Tedy rzekł Dawid: Jestże jeszcze kto, coby pozostał z domu Saulowego, abym uczynił nad nim miłosierdzie dla Jonatana?
2 And there was of the house of Saul a servant whose name was Ziba. And when they had called him unto David, the king said unto him, Art thou Ziba? And he said, Thy servant is he.
I był z domu Saulowego sługa, którego zwano Syba: tego zawołano do Dawida. I rzekł król do niego: Tyżeś jest Syba? A on odpowiedział: Jam jest, sługa twój.
3 And the king said, Is there not yet any of the house of Saul, that I may shew the kindness of God unto him? And Ziba said unto the king, Jonathan hath yet a son, which is lame on his feet.
Potem rzekł król: Jestże jeszcze kto z domu Saulowego, abym nad nim uczynił miłosierdzie Boże? Odpowiedział Syba królowi: Jest jeszcze syn Jonatana, chromy na nogi.
4 And the king said unto him, Where is he? And Ziba said unto the king, Behold, he is in the house of Machir, the son of Ammiel, in Lo–debar.
I rzekł do niego król: Gdzieli jest? A Syba odpowiedział królowi: Oto, jest w domu Machira, syna Ammijelowego, w Lodebarze.
5 Then king David sent, and fetched him out of the house of Machir, the son of Ammiel, from Lo–debar.
Przetoż posłał król Dawid, i wziął go z domu Machira, syna Ammijelowego z Lodebaru.
6 Now when Mephibosheth, the son of Jonathan, the son of Saul, was come unto David, he fell on his face, and did reverence. And David said, Mephibosheth. And he answered, Behold thy servant!
A gdy przyszedł Mefiboset, syn Jonatana, syna Saulowego, do Dawida, upadł na oblicze swe, i pokłonił się. I rzekł Dawid: Mefibosecie! Który odpowiedział: Oto, sługa twój.
7 And David said unto him, Fear not: for I will surely shew thee kindness for Jonathan thy father’s sake, and will restore thee all the land of Saul thy father; and thou shalt eat bread at my table continually.
I rzekł do nigo Dawid: Nie bój się: bo zapewne uczynię z tobą miłosierdzie dla Jonatana, ojca twego, i przywrócęć wszystkę rolą Saula, dziada twego. a ty będziesz jadł chleb u stołu mego zawżdy.
8 And he bowed himself, and said, What is thy servant, that thou shouldest look upon such a dead dog as I am?
Tedy ukłoniwszy się, rzekł: Coż jest sługa twój, żeś się obejrzał na psa zdechłego, jakom ja jest?
9 Then the king called to Ziba, Saul’s servant, and said unto him, I have given unto thy master’s son all that pertained to Saul and to all his house.

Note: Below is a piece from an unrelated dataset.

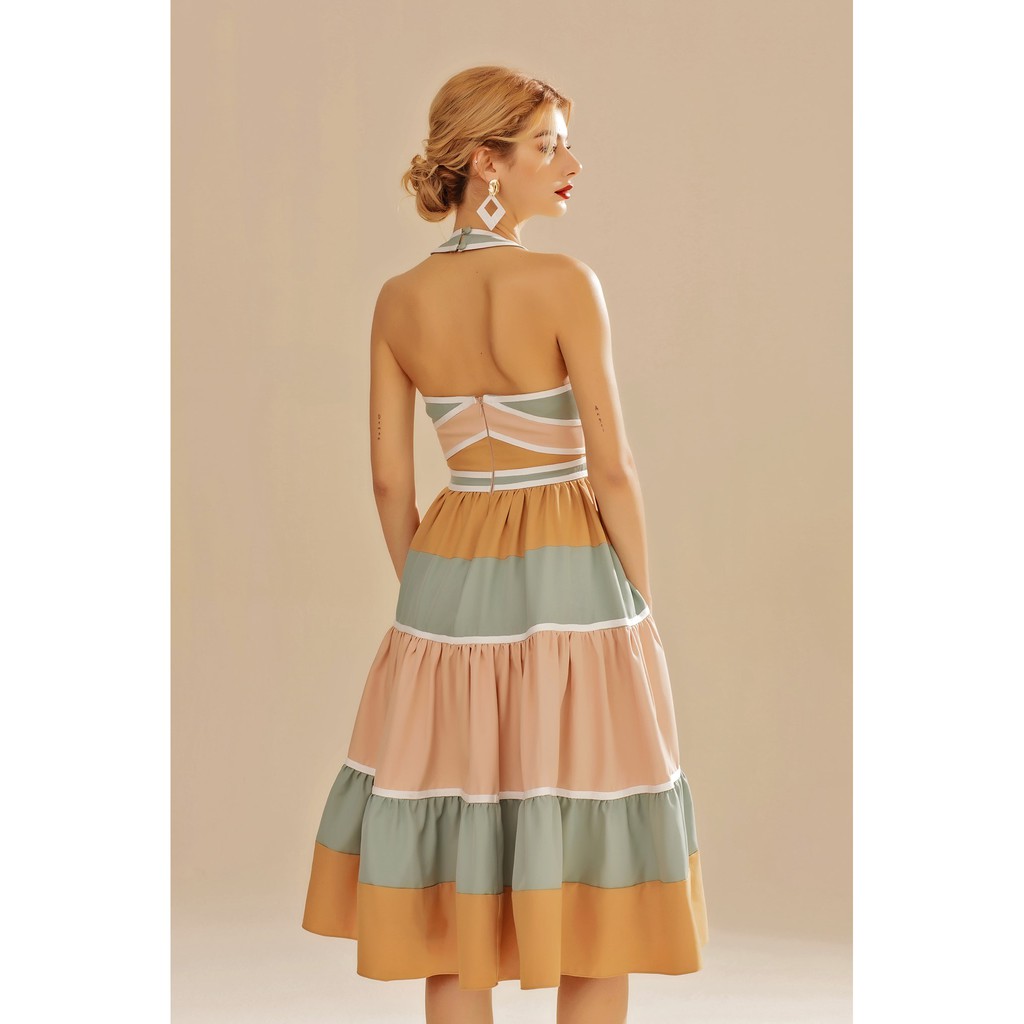 SÒ VINTAGE - ADELA Đầm yếm gài nút xòe phối màu | BigBuy360 - bigbuy360.vn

Zatem wezwał król Syby, sługi Saulowego i rzekł mu: Cokolwiek miał Saul, i wszystek dom jego, dałem synowi pana twego.
10 Thou therefore, and thy sons, and thy servants, shall till the land for him, and thou shalt bring in the fruits, that thy master’s son may have food to eat: but Mephibosheth thy master’s son shall eat bread alway at my table. Now Ziba had fifteen sons and twenty servants.

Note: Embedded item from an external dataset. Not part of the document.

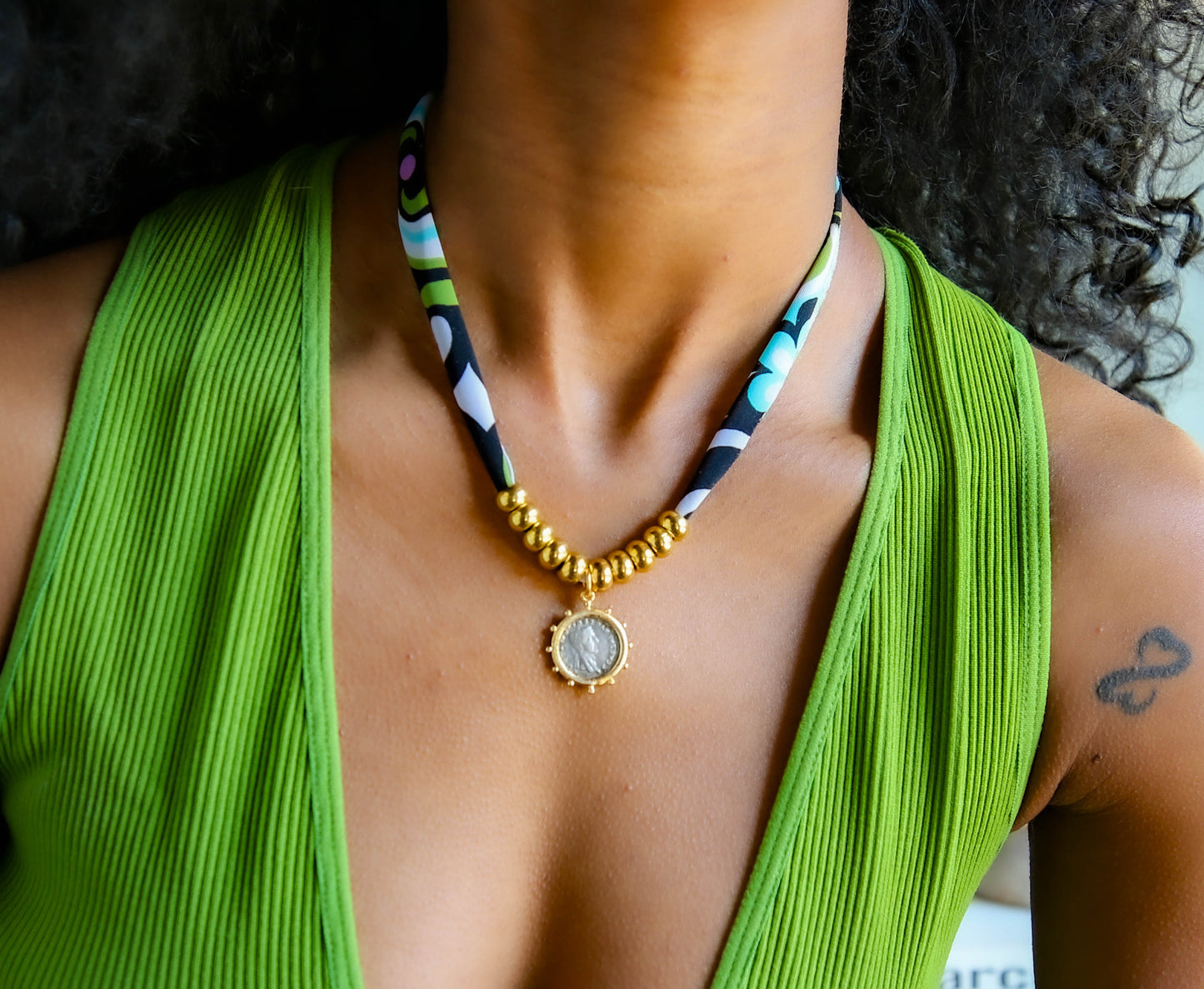 Two Tone Fabric Necklace in Navy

Będziesz tedy sprawował rolą jego, ty, synowie twoi, i słudzy twoi, a będziesz dodawał, aby miał chleb syn pana twego, któryby jadł; ale Mefiboset, syn pana twego, będzie zawżdy jadał chleb u stołu mego. A Syba miał piętnaście synów i dwadzieścia sług.

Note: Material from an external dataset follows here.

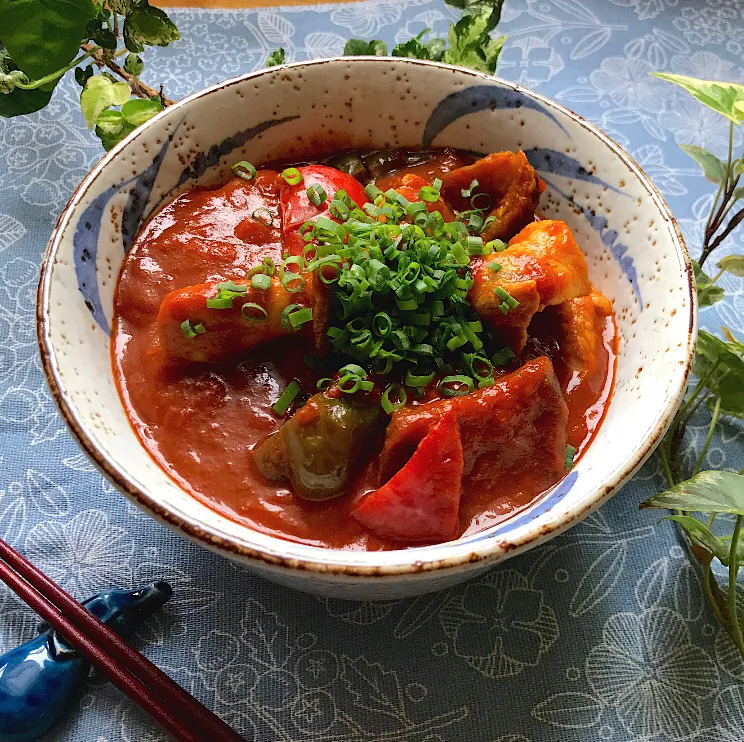 🍛残り物リメイクご飯/ BBQ煮の野菜とスープに豚➕スパイス➕出汁＝ちょいエキゾチックなカレーうどん🥢|Hollyさん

11 Then said Ziba unto the king, According to all that my lord the king hath commanded his servant, so shall thy servant do. As for Mephibosheth, said the king, he shall eat at my table, as one of the king’s sons.
I odpowiedział Syba królowi: Wszystko, co rozkazał król, pan mój, słudze swemu, tak uczyni sługa twój, aczkolwiek Mefiboset mógłby jadać u stołu mego, jako jeden z synów królewskich.
12 And Mephibosheth had a young son, whose name was Micha. And all that dwelt in the house of Ziba were servants unto Mephibosheth.
Miał też Mefiboset syna małego, imieniem Micha; a wszyscy, którzy mieszkali w domu Sybowym, byli sługami Mefibosetowymi.
13 So Mephibosheth dwelt in Jerusalem: for he did eat continually at the king’s table; and was lame on both his feet.
A tak Mefiboset mieszkał w Jeruzalemie, bo on u stołu królewskiego zawżdy jadał; a był chromy na obie nogi.